Seems like just a matter of removing a semantic guarantee, and then reordering.
What about references.
References just safer and more convenient pointers. Compiler Explorer
I’m not asking for the definition but how “free early” could be such a trivial thing to implement while you have references with their own lifetimes.
Track uses of the pointer? LLVM has tons of infrastructure for this. Look at ScalarEvolution, for example.
LLVM can track escape (nocapture
parameter attribute); obviously if a pointer escapes, you probably shouldn’t move the free
earlier.
Julia doesn’t have a borrow checker, but it doesn’t mean “compiling-but-not working”. The code will always compile to correct code, at least if assuming single-threaded, the main problem I see is multi-threaded, and then possible race conditions. You can even have multi-threaded and no race-conditions, depending on what you are doing.
You say SBRM “isn’t that hard”; but with GC even easier, regarding just releasing memory. For speed (early freeing) harder, without manual intervention like Bumper.jl, but it seems to me Julia could do similar to Mojo automatically (i.e. without code changes), and tell you, in the REPL when it deallocates as early as in Mojo (or rather tell you when it can’t), earlier (in practice) than in C++. In C++ destructors must run in deterministic order (though seemingly it doesn’t rule out freeing earlier, as early as Rust, just a matter of good optimizers…).
Just to be clear I think you mean it’s easier to call from dynamic, e.g. Python or Julia, to (static) Mojo. Not from Mojo to any other static language.
I don’t see why it’s it as difficult to call from Julia to e.g. C, or better Zig, or Mojo I guess. I don’t think you claim is it’s easier to call from Mojo, then e.g. from Julia or C++. It can be hard to call to C++ (e.g. because of name mangling, and maybe other issues), because of it rather than Julia (inherently). I believe it’s easy to call Rust, I think no name-mangling issue at least, and you get the full benefit of Rust code libraries, though the benefits may not translate to the full system (as if all the code where written in Rust or with a borrow-checker).
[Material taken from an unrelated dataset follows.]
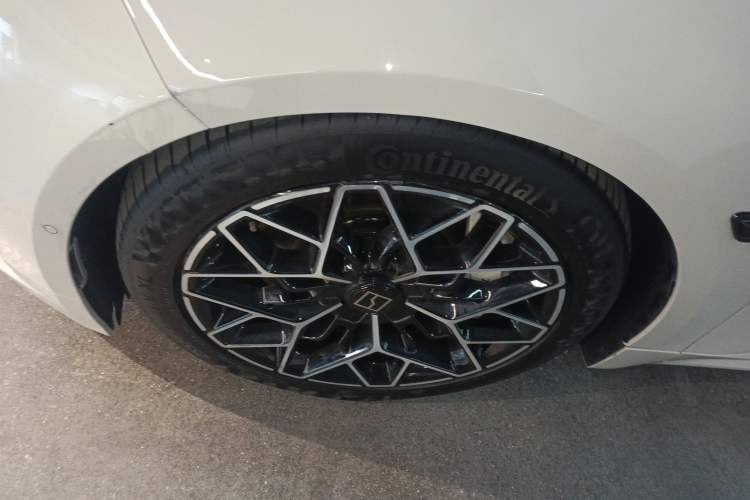 Used Zeekr 001 2025 YOU Edition 100 kWh All-Wheel Drive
It’s not too hard to call Julia even with it a dynamic and a GC-language, just not wanted by many because of the GC. I.e. that I recall the Zig claim, you want to call it, reuse code from a non-GC language. With StaticCompiler.jl you get that for a limited subset of Julia. It’s a hassle and limited, but could it get better?
I mean it’s easier to call from dynamic Mojo to static Mojo than it is from dynamic Python to static C++.